Showing posts with label Tudor Economics. Show all posts
Showing posts with label Tudor Economics. Show all posts

Thursday, June 27, 2013

Learning Curves and the State of the Project: I know now why apprentices are a Thing...

Part One: History and Hubris 

History celebrates the battlefields whereon we meet our death, but scorns to speak of the plowed fields whereby we thrive; it knows the names of kings’ bastards but cannot tell us the origin of wheat. That is the way of human folly.” – Henri Fabre
That sounds familiar.

That quote, attributed to Henri Fabre[1], sits at the top of page one, chapter one in the book Six Thousand Years of Bread: Its Holy and Unholy History by H.E. Jacob. The book is a vast and noble attempt to fix Mssr Fabre’s problem, and it goes a long way toward doing so. It is the latest of many books I’ve found and wished I had and/or read before we embarked on this journey. At risk of stacking quotes, an old adage that’s often attributed to Abraham Lincoln says that the purpose of reading is to remind us that our original ideas aren’t all that original.
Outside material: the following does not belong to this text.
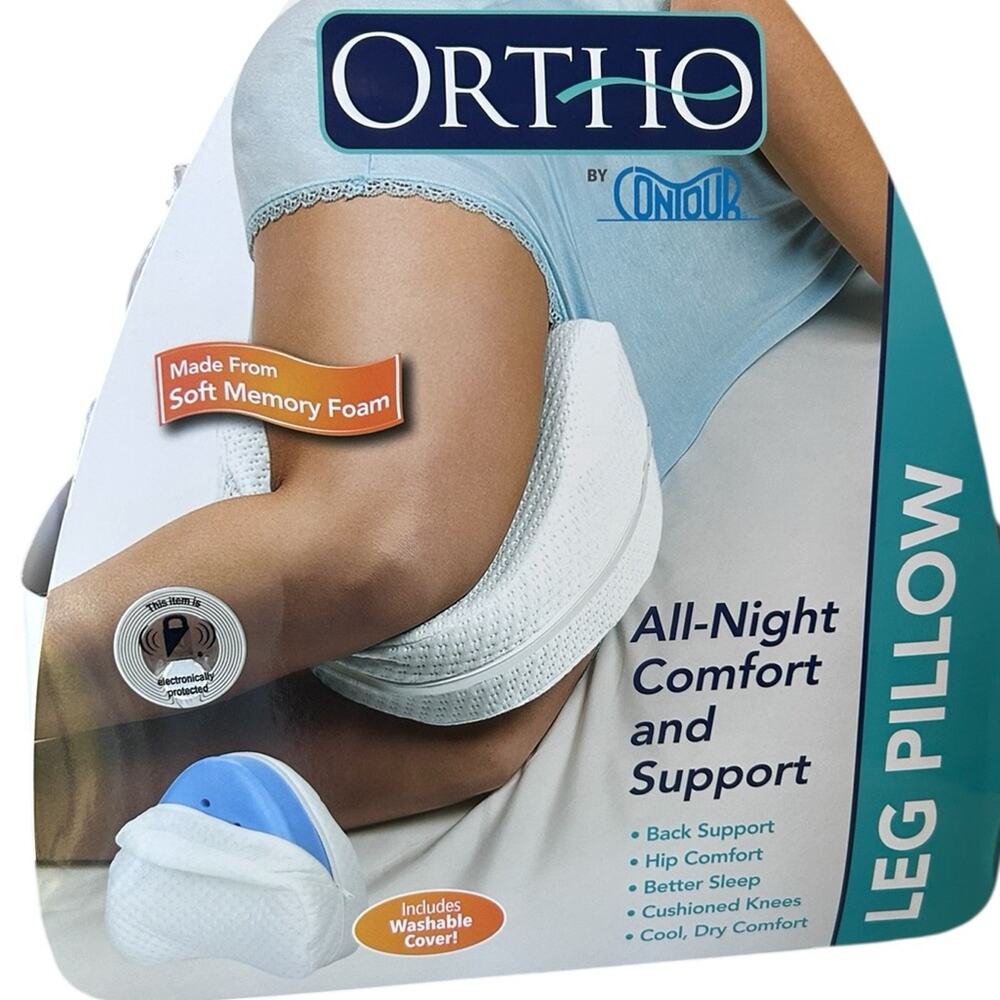 Copied - Ortho Contour Soft Memory Foam Leg Pillow All-Night Comfort & Support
Touché, Mssrs. Lincoln, Fabre, & co. A hit, a palpable hit...

What 6,000 Years of Bread really does well, though, is map out a very reasonable twenty-years spent by the author trying to understand the origins of bread. And it reminds me that what I’m doing here has become less and less about the world, trade, and tools of the renaissance craftsmen and more and more about their tools.

In other words, I’ve gone about this entire thing in entirely the wrong way. 

For instance, when I ventured into the world of the Worshipful Company of Turners, I spent quite a while trying to figure out what kind of lathe to build, how it operates, and how to build one. Then I built one. From scratch.

Now, while I knew this would be part of the process, I wildly under-estimated how long it would take to build all of these tools. (Or perhaps underestimated the size of my own creative ego, you be the judge.)

The next project includes baking and cooking.

Now, I don’t know about you, but my house didn’t come equipped with an Elizabethan spec kitchen any more than it came with a wood shop, which means there’s a cob oven and hob rising from nothing in my back yard. And I’m doing everything myself except baking the bricks.

And I really ought to be baking the bricks except that I haven’t found someone with a large enough kiln yet who will let me near it. 

Which all sort of argues that my project has veered more toward a re-imagining of the renaissance as something that was invented from nothing. Or perhaps springing from some post-apocalyptic hellscape where each piece of technology has to be re-created from stuff I find lying around. 

 Mad Max, circa 1560.


Part Two: Tools and Their Users

Sometimes I feel like I’m not so much learning how an Elizabethan artisan lived his life as reenacting the 1600 odd years that preceded his life as we moved from whittling to bow lathes to springpoles and treadles and onward. Sometimes it’s a bit like studying the lives of Indy drivers and starting by learning how to make tires from scratch...

Because I’m almost literally reinventing the wheel with every one of these projects, it eats into the time I can spend actually learning about the craftsmen and the things they made. Which is fine, studying the tools is a fine thing and I’m learning a mind-blowing amount of information about fabricating my own tools. But I think that the key thing I’m learning is that this should have been two projects: a yearlong preparation stage where I build the tools and then a second year when I learn to use them to create standard period artifacts and study the people who used them.

Which isn't the worst idea I've ever had, actually.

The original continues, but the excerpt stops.